BEGIN EXERCISE DATA
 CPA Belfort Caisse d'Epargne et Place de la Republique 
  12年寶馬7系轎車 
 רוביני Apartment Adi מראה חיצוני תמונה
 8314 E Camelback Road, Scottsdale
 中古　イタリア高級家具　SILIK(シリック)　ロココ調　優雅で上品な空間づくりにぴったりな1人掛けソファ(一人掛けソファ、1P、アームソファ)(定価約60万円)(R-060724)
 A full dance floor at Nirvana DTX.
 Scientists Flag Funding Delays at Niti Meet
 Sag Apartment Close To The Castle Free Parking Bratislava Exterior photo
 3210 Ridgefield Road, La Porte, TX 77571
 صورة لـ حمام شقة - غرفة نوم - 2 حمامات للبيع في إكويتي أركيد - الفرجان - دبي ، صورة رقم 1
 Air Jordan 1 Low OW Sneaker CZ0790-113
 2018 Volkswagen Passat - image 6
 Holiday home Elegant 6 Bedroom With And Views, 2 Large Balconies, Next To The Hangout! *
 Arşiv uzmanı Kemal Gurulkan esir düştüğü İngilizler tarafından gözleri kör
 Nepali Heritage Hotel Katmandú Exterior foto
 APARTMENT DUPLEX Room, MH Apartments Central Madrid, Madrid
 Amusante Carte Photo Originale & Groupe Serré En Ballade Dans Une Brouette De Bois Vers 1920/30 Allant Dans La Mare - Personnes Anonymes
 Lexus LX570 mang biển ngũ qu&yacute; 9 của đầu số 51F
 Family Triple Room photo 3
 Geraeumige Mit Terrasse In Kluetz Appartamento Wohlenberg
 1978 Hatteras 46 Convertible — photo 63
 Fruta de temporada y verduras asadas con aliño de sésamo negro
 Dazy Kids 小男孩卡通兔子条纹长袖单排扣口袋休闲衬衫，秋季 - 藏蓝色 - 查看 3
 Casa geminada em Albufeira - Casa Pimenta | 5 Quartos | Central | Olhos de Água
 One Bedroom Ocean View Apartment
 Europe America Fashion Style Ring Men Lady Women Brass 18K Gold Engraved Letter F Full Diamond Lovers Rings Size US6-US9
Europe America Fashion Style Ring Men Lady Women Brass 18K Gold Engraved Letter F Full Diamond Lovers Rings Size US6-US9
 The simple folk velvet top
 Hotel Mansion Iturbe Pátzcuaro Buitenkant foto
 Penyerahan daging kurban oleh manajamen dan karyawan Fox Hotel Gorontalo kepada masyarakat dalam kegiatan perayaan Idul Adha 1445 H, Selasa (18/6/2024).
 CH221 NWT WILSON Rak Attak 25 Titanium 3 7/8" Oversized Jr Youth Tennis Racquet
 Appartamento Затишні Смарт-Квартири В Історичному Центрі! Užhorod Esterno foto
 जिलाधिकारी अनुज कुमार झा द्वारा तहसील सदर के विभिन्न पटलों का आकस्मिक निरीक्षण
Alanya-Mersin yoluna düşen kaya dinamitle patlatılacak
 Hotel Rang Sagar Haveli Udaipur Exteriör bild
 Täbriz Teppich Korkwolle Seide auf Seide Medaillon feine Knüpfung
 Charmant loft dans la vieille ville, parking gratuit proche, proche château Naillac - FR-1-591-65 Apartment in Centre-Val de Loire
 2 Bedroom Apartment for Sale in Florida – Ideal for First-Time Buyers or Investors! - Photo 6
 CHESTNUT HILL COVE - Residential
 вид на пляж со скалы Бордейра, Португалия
END EXERCISE DATA
> [WHAT YOU WILL DO]: All that is needed is how many lines of the data contain "Exterior", stated as a number.

> [EXERCISE ANSWER]: 2